## Exercise material
################

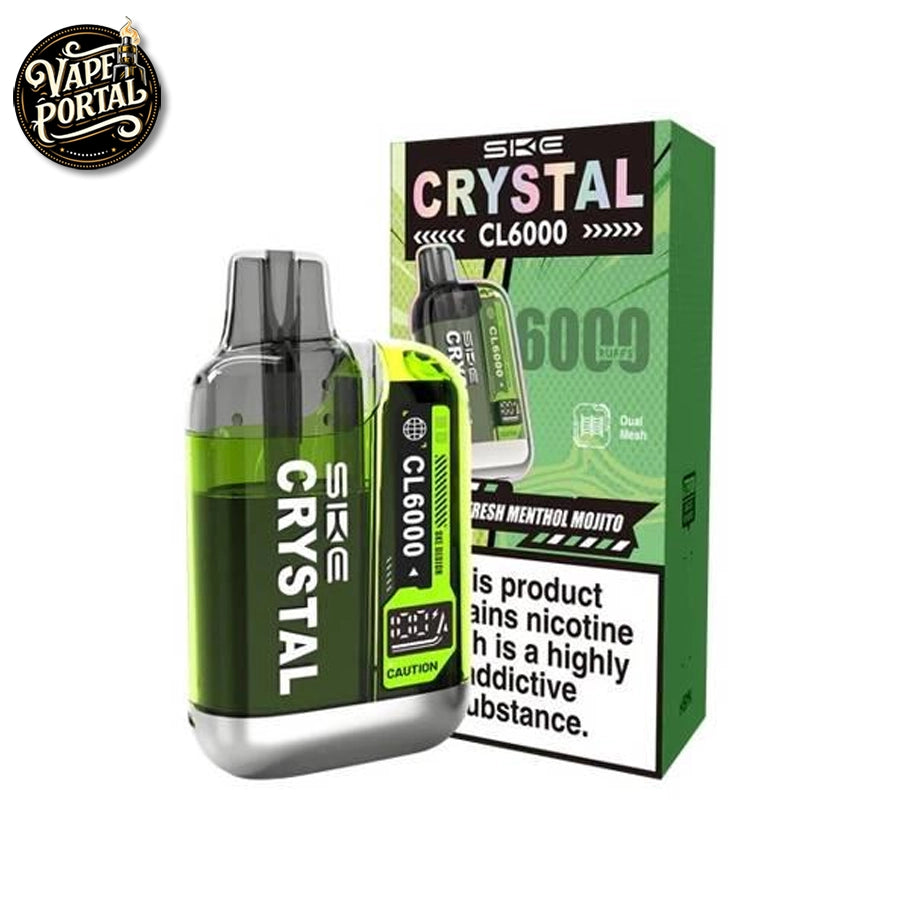 SKE Crystal CL6000 Prefilled Vape Kit Fresh Menthol Mojito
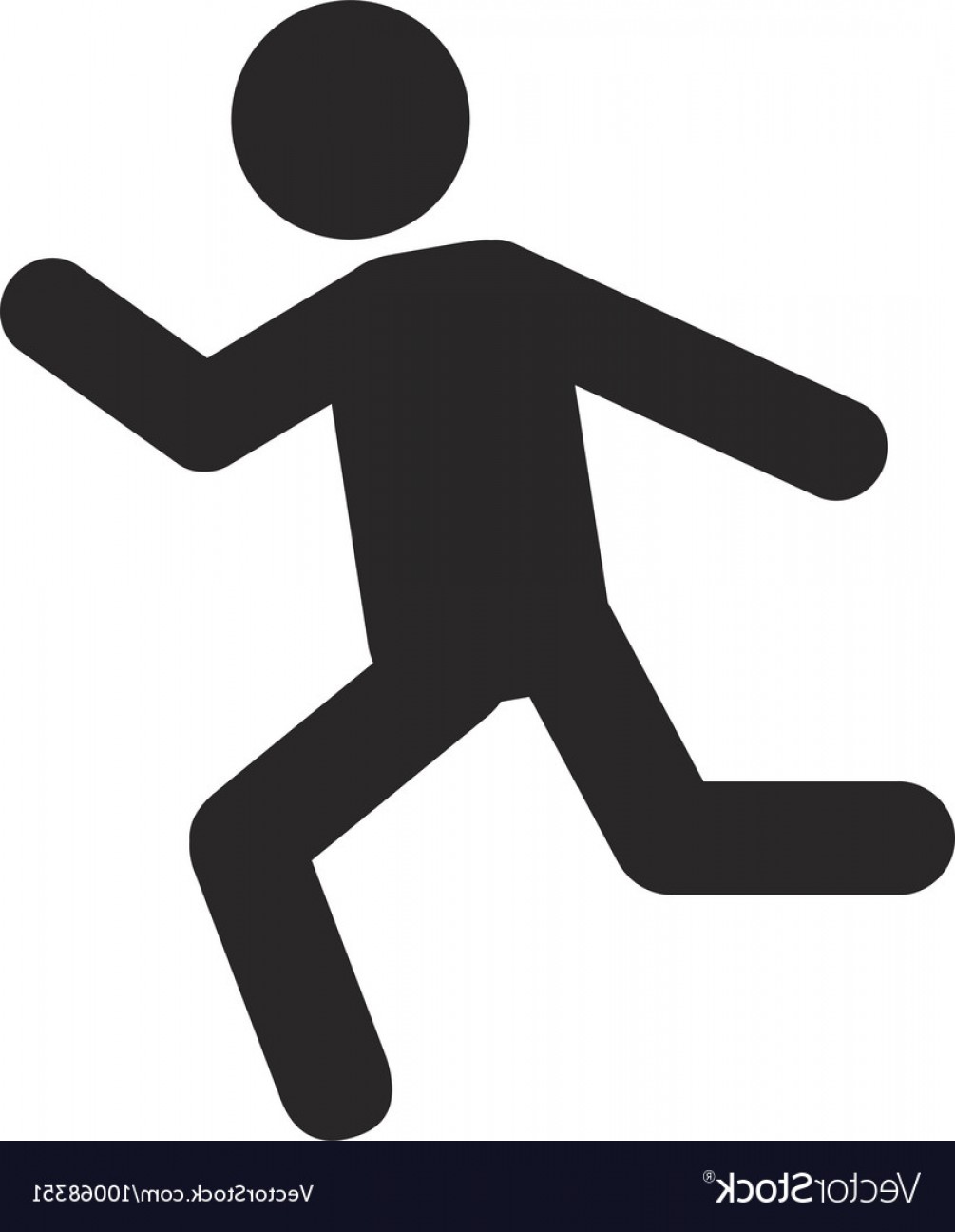 1005x1296 Person Running Silhouette Icon Vector Hoodamathrun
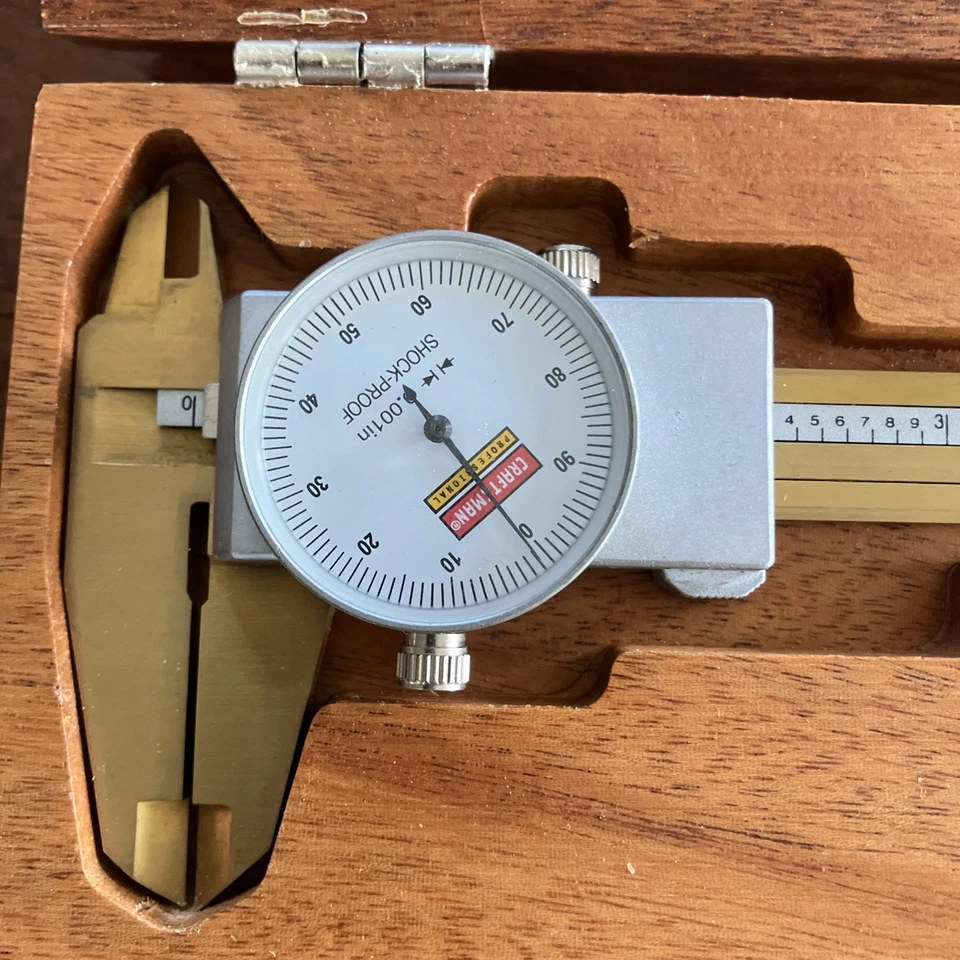 Pinzas de esfera Avenger Craftsman profesionales de 6" recubiertas de estaño de 0,001" en caja de madera Foto 2 de 4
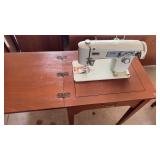 Brothers opus 141 sewing machine and table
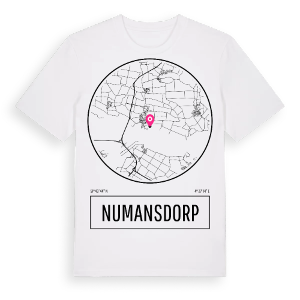 Numansdorp t-shirt – ekologisk bomull t-shirt från Pinshirt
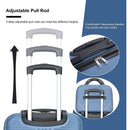 2Piece Luggage Sets ABS Lightweight Suitcase, Spinner Wheels, (20/14) BLUE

################

## What you are asked to do
Your copy should match the entries exactly, minus the pictures.

## Your solution
 SKE Crystal CL6000 Prefilled Vape Kit Fresh Menthol Mojito
 1005x1296 Person Running Silhouette Icon Vector Hoodamathrun
 Pinzas de esfera Avenger Craftsman profesionales de 6" recubiertas de estaño de 0,001" en caja de madera Foto 2 de 4
 Brothers opus 141 sewing machine and table
 Numansdorp t-shirt – ekologisk bomull t-shirt från Pinshirt
 2Piece Luggage Sets ABS Lightweight Suitcase, Spinner Wheels, (20/14) BLUE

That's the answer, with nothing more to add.